In the latest Railway Magazine, there is a very brief article that includes a report that IETs (Class 800, etc.) have had problems during Britain’s recent hot weather.


----------



## frequentflyer (Aug 1, 2018)

Yes, they are having teething problems with the Hitachi 800s, supposedly the 802s fixes most of the problems. The 800 is more a premium type product though, and the new Alstom TGV lite Acela 2s will have that segment covered on the NEC.

There are other EMU/DMU products out there such as Stadler which so far has a stellar reputation. And we know Anderson has talked to them informally.

http://railcolornews.com/2018/06/30/uk-the-very-first-flirt-uk-is-out-bmu-on-transport/


----------



## jrud (Aug 6, 2018)

frequentflyer said:


> Yes, they are having teething problems with the Hitachi 800s, supposedly the 802s fixes most of the problems. The 800 is more a premium type product though, and the new Alstom TGV lite Acela 2s will have that segment covered on the NEC.
> 
> There are other EMU/DMU products out there such as Stadler which so far has a stellar reputation. And we know Anderson has talked to them informally.
> 
> http://railcolornews.com/2018/06/30/uk-the-very-first-flirt-uk-is-out-bmu-on-transport/


There are significant differences in the intended service for Hitachi IETs (800s etc) versus the Alstom Avelias. But the more restrictive British loading gauge also had a strong influence on the IET design. Even the to-be-built British HSTs (similar requirements to the Avelias) appear to be burdened with the small loading gauge.
The Stadler designs are very nice but any route with high platforms is going to require significant changes to the single-level DMU/EMU FLIRT. If you can go to bi-level, the EMU KISS can handle high and low-level platforms but a DMU version would require significant work.

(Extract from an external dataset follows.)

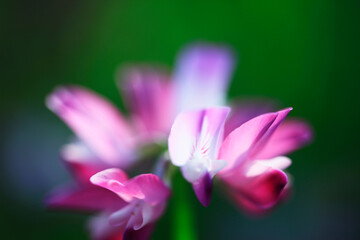 Fototapeta premium レンゲ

Siemens has the only current modern train sets in the USA that can operate on high/low platforms and not under catenary.

Time will tell if others are going to invest the money needed to handle all the variations in the USA market.


----------



## NSC1109 (Aug 9, 2018)

http://www.highspeed-rail.org/Documents/Amtrak-State_EQ_CAPEX_CIP_2018_approved%2012-19-17.pdf

In absence of the July 2018 minutes from the Next Generation Equipment Committee, I found the above attachment on their website. The information is relatively current and meant for FY2018 - FY2022.


----------



## jrud (Aug 14, 2018)

This order includes tri-mode trains of diesel-battery-overhead electric. The battery is both for street running and to eliminate the need to electrify trough tunnels and under bridges to save on route electrification costs. Is there anywhere in the USA that would be a lot easier to electrify if they used battery power for short stretches? https://www.railwaygazette.com/news/passenger/single-view/view/wales-borders-electric-train-order-confirmed.html


----------



## Steve4031 (Aug 14, 2018)

Maybe through the tunnels in Washington, D.C. for trains continuing south. But that assumes that the line to Richmond is electrified. How far can these trains operate on battery power?


----------



## jrud (Aug 14, 2018)

Steve4031 said:


> Maybe through the tunnels in Washington, D.C. for trains continuing south. But that assumes that the line to Richmond is electrified. How far can these trains operate on battery power?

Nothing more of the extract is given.